TASK TO COMPLETE:
Return, exactly and in full, the lines of the records below starting at the one with "at 20 Aniseed Grove, Timberlea, Upper Hutt" and ending at the one with "Buiten fluorescerende gloed", and no other lines.

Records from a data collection
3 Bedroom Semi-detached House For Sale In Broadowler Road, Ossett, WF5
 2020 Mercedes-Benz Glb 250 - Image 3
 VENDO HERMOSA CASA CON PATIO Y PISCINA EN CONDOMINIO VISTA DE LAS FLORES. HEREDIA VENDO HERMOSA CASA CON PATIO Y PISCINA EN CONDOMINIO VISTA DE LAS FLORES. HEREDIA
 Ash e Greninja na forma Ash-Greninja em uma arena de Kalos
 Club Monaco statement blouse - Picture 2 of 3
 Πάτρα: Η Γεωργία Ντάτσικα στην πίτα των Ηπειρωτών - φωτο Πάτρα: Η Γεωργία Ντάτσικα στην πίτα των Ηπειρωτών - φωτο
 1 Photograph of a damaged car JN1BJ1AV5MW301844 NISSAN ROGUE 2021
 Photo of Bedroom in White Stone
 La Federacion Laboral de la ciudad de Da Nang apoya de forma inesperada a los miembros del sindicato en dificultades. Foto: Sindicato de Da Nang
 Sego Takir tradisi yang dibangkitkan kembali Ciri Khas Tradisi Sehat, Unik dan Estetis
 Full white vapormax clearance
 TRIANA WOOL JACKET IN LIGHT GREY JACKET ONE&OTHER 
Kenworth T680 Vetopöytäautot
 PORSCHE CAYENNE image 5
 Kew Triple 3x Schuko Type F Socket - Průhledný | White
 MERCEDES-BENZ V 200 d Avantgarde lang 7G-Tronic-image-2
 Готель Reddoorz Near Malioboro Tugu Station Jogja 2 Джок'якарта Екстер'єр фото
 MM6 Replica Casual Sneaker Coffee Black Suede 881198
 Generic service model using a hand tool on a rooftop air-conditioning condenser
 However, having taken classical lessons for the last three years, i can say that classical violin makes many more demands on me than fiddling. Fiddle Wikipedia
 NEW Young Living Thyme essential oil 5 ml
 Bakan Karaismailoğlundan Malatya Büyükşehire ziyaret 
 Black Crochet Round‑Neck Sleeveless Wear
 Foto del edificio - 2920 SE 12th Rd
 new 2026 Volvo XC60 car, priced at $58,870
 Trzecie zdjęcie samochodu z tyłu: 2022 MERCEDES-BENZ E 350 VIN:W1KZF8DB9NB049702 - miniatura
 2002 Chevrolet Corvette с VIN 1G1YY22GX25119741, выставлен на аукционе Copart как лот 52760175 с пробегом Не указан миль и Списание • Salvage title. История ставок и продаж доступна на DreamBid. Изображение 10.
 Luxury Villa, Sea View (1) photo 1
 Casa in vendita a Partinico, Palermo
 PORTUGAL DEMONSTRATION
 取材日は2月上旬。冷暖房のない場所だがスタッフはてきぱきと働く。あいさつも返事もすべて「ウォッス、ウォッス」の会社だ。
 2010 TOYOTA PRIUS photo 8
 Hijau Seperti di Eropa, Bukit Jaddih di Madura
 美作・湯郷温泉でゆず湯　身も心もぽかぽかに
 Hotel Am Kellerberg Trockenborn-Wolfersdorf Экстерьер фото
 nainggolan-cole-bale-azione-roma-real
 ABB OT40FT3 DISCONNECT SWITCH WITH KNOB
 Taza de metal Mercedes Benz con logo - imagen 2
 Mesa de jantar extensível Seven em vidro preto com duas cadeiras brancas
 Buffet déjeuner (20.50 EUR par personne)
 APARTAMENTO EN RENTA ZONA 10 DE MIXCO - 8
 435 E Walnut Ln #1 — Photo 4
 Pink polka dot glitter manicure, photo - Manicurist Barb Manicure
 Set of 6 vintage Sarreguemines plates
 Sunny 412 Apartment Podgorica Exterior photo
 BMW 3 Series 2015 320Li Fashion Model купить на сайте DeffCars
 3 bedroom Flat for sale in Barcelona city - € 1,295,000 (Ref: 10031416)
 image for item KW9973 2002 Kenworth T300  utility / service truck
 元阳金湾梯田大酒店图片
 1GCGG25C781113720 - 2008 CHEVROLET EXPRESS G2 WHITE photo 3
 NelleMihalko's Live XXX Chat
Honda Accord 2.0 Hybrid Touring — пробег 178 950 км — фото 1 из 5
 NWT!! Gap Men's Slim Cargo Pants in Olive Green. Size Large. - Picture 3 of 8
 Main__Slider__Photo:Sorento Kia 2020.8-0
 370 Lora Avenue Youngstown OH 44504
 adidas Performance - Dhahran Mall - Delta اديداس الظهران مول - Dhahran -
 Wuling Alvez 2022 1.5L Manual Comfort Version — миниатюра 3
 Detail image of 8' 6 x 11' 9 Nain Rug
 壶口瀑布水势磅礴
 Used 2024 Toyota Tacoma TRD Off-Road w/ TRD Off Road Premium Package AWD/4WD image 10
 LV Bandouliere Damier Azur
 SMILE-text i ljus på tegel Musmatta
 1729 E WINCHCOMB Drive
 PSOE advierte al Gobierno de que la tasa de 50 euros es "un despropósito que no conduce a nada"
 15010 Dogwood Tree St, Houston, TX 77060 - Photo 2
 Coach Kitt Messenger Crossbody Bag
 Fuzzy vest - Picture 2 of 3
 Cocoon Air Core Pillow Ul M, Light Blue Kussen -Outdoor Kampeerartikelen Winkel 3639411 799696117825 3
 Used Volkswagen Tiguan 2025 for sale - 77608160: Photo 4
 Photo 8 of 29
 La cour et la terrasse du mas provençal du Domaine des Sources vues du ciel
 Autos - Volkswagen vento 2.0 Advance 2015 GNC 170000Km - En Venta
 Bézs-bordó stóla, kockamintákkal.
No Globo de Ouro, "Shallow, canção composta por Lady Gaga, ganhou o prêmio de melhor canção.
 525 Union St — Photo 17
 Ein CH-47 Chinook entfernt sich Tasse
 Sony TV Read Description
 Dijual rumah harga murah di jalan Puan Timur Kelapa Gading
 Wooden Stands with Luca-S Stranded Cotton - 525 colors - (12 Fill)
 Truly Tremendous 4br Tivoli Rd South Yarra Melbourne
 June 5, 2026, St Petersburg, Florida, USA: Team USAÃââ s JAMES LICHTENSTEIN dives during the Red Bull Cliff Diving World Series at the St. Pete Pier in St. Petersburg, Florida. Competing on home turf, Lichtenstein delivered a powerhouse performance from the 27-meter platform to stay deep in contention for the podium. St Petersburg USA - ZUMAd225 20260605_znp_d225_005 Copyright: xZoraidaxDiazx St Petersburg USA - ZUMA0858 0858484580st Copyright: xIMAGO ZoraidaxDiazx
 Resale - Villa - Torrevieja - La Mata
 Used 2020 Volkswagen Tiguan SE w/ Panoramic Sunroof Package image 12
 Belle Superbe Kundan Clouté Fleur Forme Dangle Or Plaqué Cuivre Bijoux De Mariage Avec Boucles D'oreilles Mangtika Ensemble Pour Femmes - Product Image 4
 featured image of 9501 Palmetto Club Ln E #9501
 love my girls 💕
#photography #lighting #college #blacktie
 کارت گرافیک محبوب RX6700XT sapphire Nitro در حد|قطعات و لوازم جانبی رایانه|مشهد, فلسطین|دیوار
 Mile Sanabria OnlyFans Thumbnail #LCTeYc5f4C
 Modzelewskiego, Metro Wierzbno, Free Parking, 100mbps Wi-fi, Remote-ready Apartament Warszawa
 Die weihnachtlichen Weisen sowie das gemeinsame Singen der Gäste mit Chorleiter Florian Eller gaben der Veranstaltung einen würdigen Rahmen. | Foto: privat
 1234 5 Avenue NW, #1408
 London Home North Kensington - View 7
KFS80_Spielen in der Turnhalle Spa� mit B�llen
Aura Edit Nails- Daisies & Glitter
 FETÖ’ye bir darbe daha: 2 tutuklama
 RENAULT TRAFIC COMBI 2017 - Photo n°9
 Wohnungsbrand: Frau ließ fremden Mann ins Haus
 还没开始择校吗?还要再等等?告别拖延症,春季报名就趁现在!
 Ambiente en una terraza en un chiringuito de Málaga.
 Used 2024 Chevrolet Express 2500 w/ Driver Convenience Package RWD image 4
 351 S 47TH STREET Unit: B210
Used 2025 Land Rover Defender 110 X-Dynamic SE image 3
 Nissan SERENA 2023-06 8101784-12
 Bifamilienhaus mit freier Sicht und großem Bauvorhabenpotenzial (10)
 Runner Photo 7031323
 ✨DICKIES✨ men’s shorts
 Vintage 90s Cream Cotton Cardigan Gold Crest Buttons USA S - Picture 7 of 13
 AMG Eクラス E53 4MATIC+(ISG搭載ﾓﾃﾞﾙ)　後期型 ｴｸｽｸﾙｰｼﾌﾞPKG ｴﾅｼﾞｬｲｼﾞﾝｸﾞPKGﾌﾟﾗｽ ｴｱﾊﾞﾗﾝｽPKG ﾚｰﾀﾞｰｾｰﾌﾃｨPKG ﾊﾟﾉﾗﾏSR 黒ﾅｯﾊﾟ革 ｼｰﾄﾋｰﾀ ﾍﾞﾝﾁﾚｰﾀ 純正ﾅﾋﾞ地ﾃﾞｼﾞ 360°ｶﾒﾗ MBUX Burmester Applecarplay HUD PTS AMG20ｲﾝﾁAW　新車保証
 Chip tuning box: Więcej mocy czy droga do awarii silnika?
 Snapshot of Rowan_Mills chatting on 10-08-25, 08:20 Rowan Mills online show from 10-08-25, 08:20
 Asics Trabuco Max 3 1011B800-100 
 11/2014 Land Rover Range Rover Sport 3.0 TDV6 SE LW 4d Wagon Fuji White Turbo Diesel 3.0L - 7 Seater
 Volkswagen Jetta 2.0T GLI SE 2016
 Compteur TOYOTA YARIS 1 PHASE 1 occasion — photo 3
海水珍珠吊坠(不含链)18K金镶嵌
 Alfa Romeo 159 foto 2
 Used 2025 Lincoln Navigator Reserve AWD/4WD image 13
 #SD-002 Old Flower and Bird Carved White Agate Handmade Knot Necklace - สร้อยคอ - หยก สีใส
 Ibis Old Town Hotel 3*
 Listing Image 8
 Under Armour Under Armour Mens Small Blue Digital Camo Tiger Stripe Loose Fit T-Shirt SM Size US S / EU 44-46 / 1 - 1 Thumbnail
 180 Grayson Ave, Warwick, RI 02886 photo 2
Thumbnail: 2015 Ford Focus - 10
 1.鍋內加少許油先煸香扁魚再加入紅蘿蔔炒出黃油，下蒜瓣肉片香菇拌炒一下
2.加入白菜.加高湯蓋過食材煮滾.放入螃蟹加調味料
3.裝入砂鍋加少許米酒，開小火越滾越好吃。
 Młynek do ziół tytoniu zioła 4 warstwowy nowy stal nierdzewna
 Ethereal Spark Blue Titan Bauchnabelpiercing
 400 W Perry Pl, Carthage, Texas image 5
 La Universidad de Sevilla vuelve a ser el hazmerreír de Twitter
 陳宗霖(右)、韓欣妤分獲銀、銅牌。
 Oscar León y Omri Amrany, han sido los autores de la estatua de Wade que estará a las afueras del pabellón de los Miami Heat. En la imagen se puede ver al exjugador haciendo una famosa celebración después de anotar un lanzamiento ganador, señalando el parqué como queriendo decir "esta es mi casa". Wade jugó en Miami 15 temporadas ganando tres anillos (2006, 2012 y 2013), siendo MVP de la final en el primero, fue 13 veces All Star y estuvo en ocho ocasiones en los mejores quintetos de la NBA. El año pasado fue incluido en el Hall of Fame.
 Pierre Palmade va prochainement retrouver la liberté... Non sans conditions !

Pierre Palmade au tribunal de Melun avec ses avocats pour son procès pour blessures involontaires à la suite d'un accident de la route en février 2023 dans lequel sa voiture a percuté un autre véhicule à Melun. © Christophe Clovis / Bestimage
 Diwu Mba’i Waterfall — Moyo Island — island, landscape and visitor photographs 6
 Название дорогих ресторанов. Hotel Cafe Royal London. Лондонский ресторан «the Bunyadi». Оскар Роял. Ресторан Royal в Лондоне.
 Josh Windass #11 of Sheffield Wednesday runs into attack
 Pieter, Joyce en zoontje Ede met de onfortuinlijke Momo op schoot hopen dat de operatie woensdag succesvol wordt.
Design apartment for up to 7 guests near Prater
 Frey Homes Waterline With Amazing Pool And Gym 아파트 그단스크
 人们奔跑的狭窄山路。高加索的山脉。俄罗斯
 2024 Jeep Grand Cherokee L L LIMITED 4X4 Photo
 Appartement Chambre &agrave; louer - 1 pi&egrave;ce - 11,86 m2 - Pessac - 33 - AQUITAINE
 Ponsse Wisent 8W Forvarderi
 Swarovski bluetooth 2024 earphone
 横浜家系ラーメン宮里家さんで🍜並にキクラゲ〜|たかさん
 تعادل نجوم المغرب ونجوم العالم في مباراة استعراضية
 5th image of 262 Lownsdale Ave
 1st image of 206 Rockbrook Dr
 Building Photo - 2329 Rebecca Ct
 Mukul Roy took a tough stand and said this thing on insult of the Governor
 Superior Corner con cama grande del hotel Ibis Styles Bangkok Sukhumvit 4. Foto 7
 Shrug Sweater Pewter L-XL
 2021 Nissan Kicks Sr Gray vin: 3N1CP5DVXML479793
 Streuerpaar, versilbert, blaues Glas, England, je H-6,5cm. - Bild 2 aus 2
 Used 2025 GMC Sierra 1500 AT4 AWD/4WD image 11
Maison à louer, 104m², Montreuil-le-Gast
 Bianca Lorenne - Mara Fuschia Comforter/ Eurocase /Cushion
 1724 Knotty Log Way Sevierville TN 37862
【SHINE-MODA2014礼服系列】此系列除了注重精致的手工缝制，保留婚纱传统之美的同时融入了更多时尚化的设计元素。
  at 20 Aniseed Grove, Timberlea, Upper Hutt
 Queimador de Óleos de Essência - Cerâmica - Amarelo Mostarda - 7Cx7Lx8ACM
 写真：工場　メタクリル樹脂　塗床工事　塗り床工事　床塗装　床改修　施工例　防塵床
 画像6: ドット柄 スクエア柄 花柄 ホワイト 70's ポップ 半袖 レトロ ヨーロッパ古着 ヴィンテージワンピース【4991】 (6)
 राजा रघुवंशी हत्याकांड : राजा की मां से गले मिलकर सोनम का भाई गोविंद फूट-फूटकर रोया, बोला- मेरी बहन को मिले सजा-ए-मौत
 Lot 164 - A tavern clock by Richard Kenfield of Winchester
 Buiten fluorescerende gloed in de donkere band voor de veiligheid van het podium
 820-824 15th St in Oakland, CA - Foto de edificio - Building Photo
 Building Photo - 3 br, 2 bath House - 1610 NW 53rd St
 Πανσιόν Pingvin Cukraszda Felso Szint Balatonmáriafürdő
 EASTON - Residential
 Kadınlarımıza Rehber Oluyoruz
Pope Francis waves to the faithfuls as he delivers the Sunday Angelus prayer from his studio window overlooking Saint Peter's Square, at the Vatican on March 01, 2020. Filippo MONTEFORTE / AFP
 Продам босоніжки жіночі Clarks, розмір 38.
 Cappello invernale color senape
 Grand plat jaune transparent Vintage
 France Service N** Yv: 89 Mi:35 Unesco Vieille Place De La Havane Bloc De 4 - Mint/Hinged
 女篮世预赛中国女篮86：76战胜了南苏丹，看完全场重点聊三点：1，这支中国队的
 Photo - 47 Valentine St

ANSWER SECTION:
  at 20 Aniseed Grove, Timberlea, Upper Hutt
 Queimador de Óleos de Essência - Cerâmica - Amarelo Mostarda - 7Cx7Lx8ACM
 写真：工場　メタクリル樹脂　塗床工事　塗り床工事　床塗装　床改修　施工例　防塵床
 画像6: ドット柄 スクエア柄 花柄 ホワイト 70's ポップ 半袖 レトロ ヨーロッパ古着 ヴィンテージワンピース【4991】 (6)
 राजा रघुवंशी हत्याकांड : राजा की मां से गले मिलकर सोनम का भाई गोविंद फूट-फूटकर रोया, बोला- मेरी बहन को मिले सजा-ए-मौत
 Lot 164 - A tavern clock by Richard Kenfield of Winchester
 Buiten fluorescerende gloed in de donkere band voor de veiligheid van het podium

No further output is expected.